**Data section:**
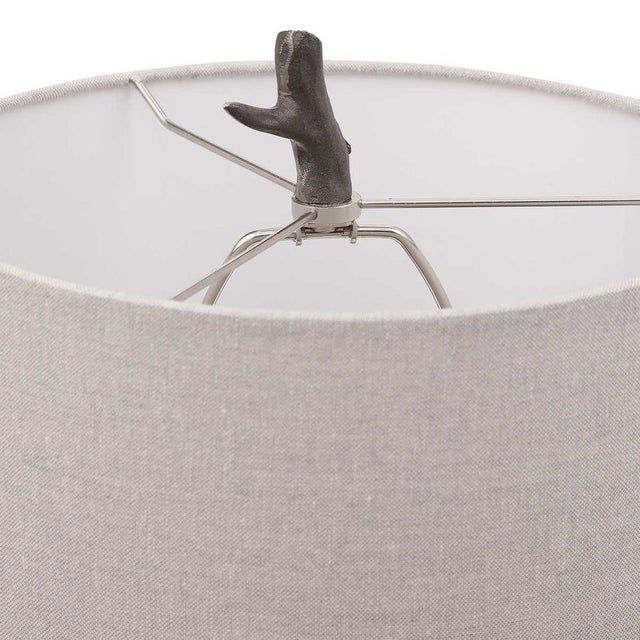 Branching Out Lamp For Sale - Image 4 of 6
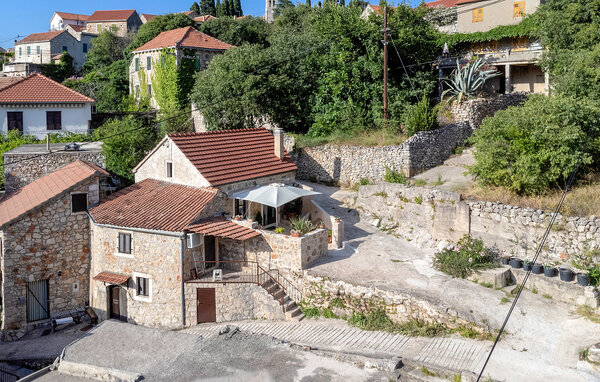 Location de vacances - Hvar - Vrisnik , Croatie - CDH607 2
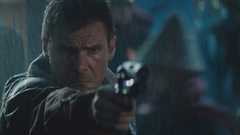 Blade Runner harrison ford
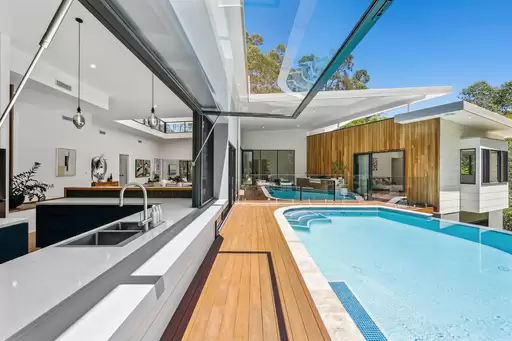 62 Mary Bale Drive, Tallebudgera Sold by Queensland Sotheby's International Realty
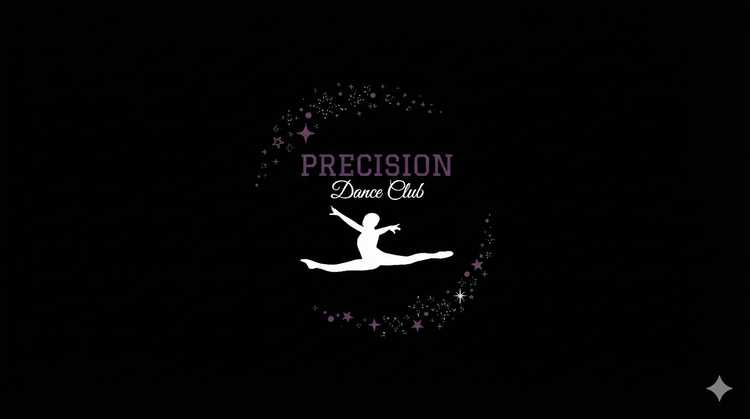 Precision Dance Club - Makefield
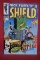 NICK FURY, AGENT OF SHIELD #1 | KEY 1ST APP OF SCORPIO, PREMIERE ISSUE - ICONIC JIM STERANKO - 1968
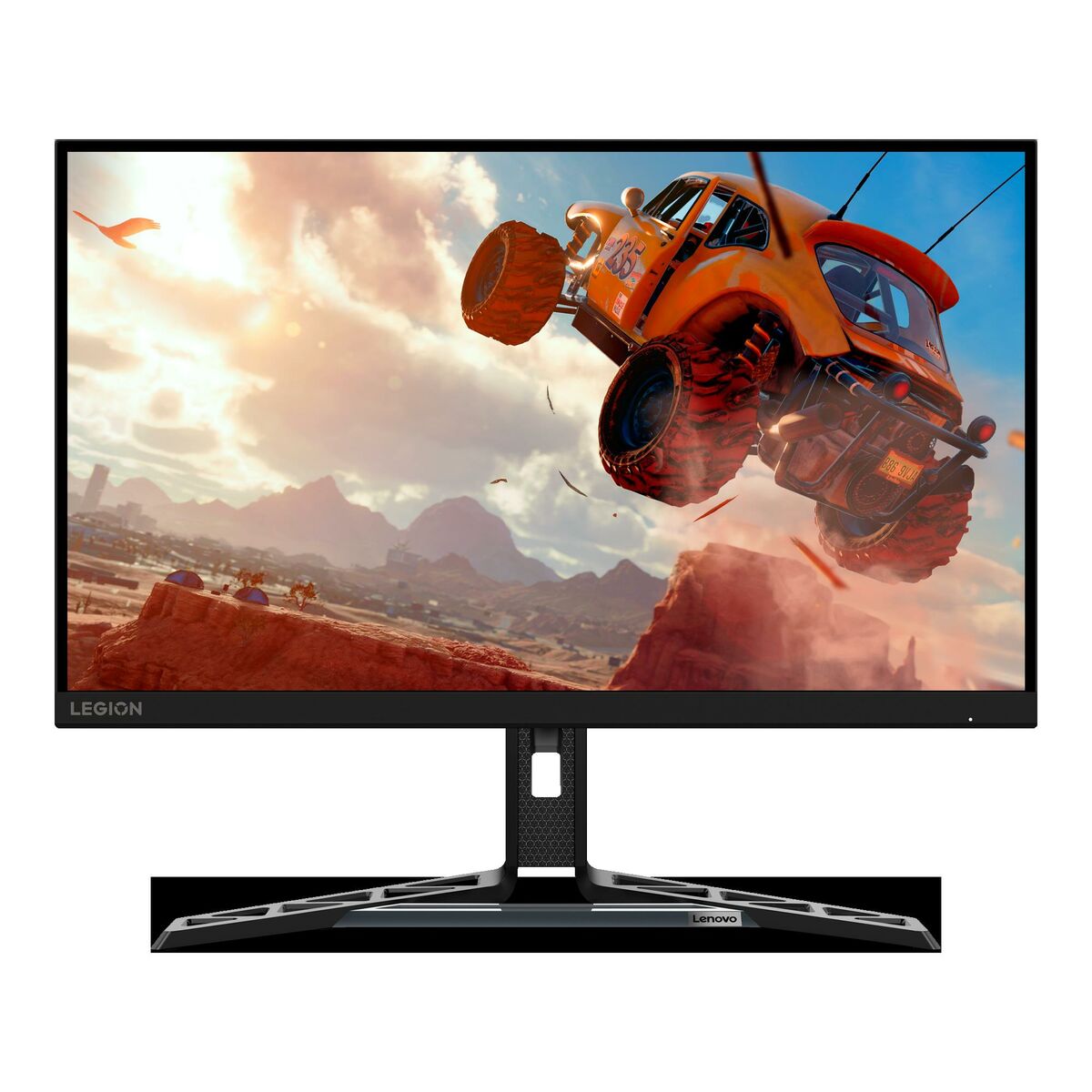 Monitor Lenovo 67C5GAC1EU 27" - 4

**Task item:** All pictures should be dropped; the lines from the one containing "Blade Runner harrison ford" through the last line of the material are to be set down exactly.

**Your solution:**
 Blade Runner harrison ford
 62 Mary Bale Drive, Tallebudgera Sold by Queensland Sotheby's International Realty
 Precision Dance Club - Makefield
 NICK FURY, AGENT OF SHIELD #1 | KEY 1ST APP OF SCORPIO, PREMIERE ISSUE - ICONIC JIM STERANKO - 1968
 Monitor Lenovo 67C5GAC1EU 27" - 4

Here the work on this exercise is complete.